To introduce Kelly betting, we will first introduce a sequential version of the Coin Flip situation above, and show how maximizing the most likely or median value of your wealth can lead to more reasonable choices decisions than maximizing your expected wealth. Then, we will introduce the Kelly Criterion in a more general setting. Finally, we will explain how to generalize Kelly betting to situations where you have to choose between multiple bets.

20.1 Maximizing the typical value of your wealth

Consider the following iterated version of the Coin Flip example above:

Iterated Coin Flip

There are 100 days. Every day, you get the same offer:

  • You pay some fraction \(\alpha\) of your current wealth
  • A fair coin is flipped
    • if the outcome is Heads, you receive \(3\) times the amount you paid
    • if the outcome is Tails, you receive nothing

We make the simplifying assumption that \(\alpha\) is the same for every day: you have to choose it once and for all.

Question: What fraction \(\alpha\) of your current wealth should you bet on each day?

Let \(x\) be your wealth at the beginning of the first day.

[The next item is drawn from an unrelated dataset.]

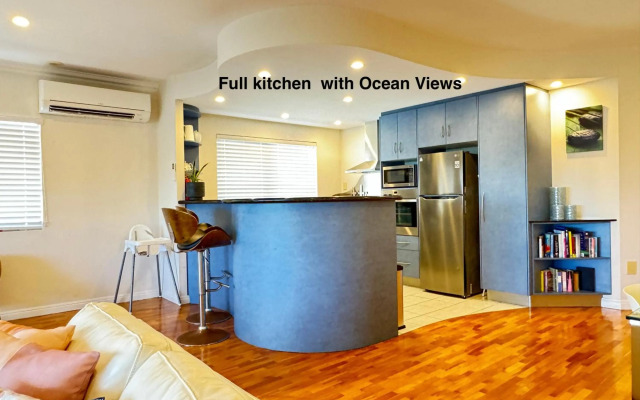 Townsville Lighthouse - 3/103 Strand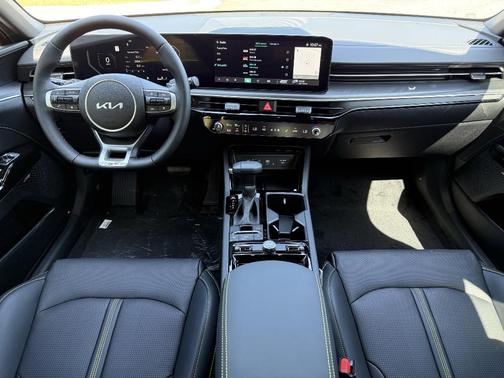 2025 Kia K5 GT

After the first coin flip, your wealth becomes:

  • \(x - \alpha x + 3 \alpha x = (1 + 2 \alpha) x\) if the coin comes up Heads
  • \(x - \alpha x = (1 - \alpha) x\) if the coin comes up Tails

After 100 days, your wealth is

\[ (1 + 2 \alpha)^k (1 - \alpha)^{100 - k} x, \text{ with } k \sim \text{ Binomial}(n = 100, p = 1/2). \]

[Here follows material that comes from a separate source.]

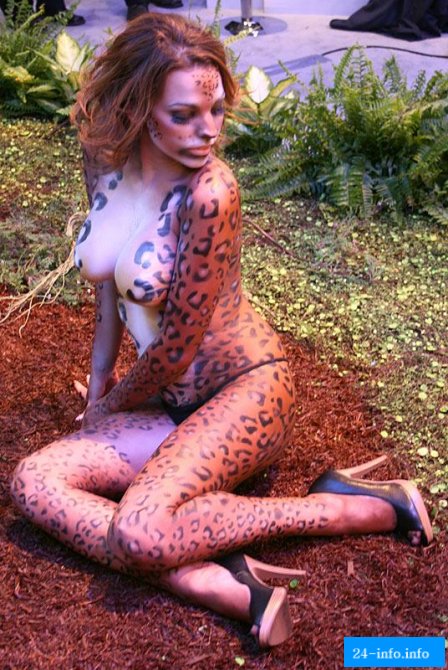 Девушка со стенда Samsung (16 фотографий)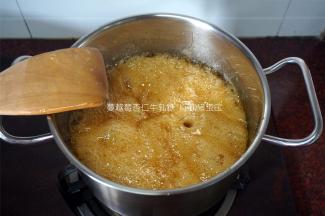 将海藻糖60克，麦芽糖780克，水80克，盐4克同放入锅中，加热至140度，熄火。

As in the previous example, the expected value of this quantity is greatest when \(\alpha = 1\): to maximize your expected wealth, you should bet all of your money every day. However, this means that every day you have a probability of one half of losing all of your money. Even though you have a tiny chance of becoming enourmously rich, you will be ruined with overwhelming probability \(1 - (1 / 2)^{100}\).

Instead of looking at the expectation of your wealth after 100 days, you could focus on its value in the typical case, by considering the modal or median value of your wealth. This corresponds to taking \(k = 50\), hence a typical wealth of

\[ [(1 + 2 \alpha)(1 - \alpha)]^{50}. \]

You can then maximize this modal value over \(\alpha\): this is tantamount to finding the maximum of the second degree polynomial \((1 + 2 \alpha)(1 - \alpha)\), which is reached at \(\alpha = \frac 1 4\), leading to a median wealth of \(\left(\frac 9 8\right)^{50}\).

Let us now consider a different bet:

Iterated Biased Coin Flip

Once again, there are 100 days, and every day you get the same offer:

  • You pay some fraction \(\alpha\) of your current wealth
  • With probability \(\frac 2 3\), you receive twice the amount you paid
  • With probability \(\frac 1 3\), you receive nothing

Question: What fraction \(\alpha\) of your current wealth should you bet on each day?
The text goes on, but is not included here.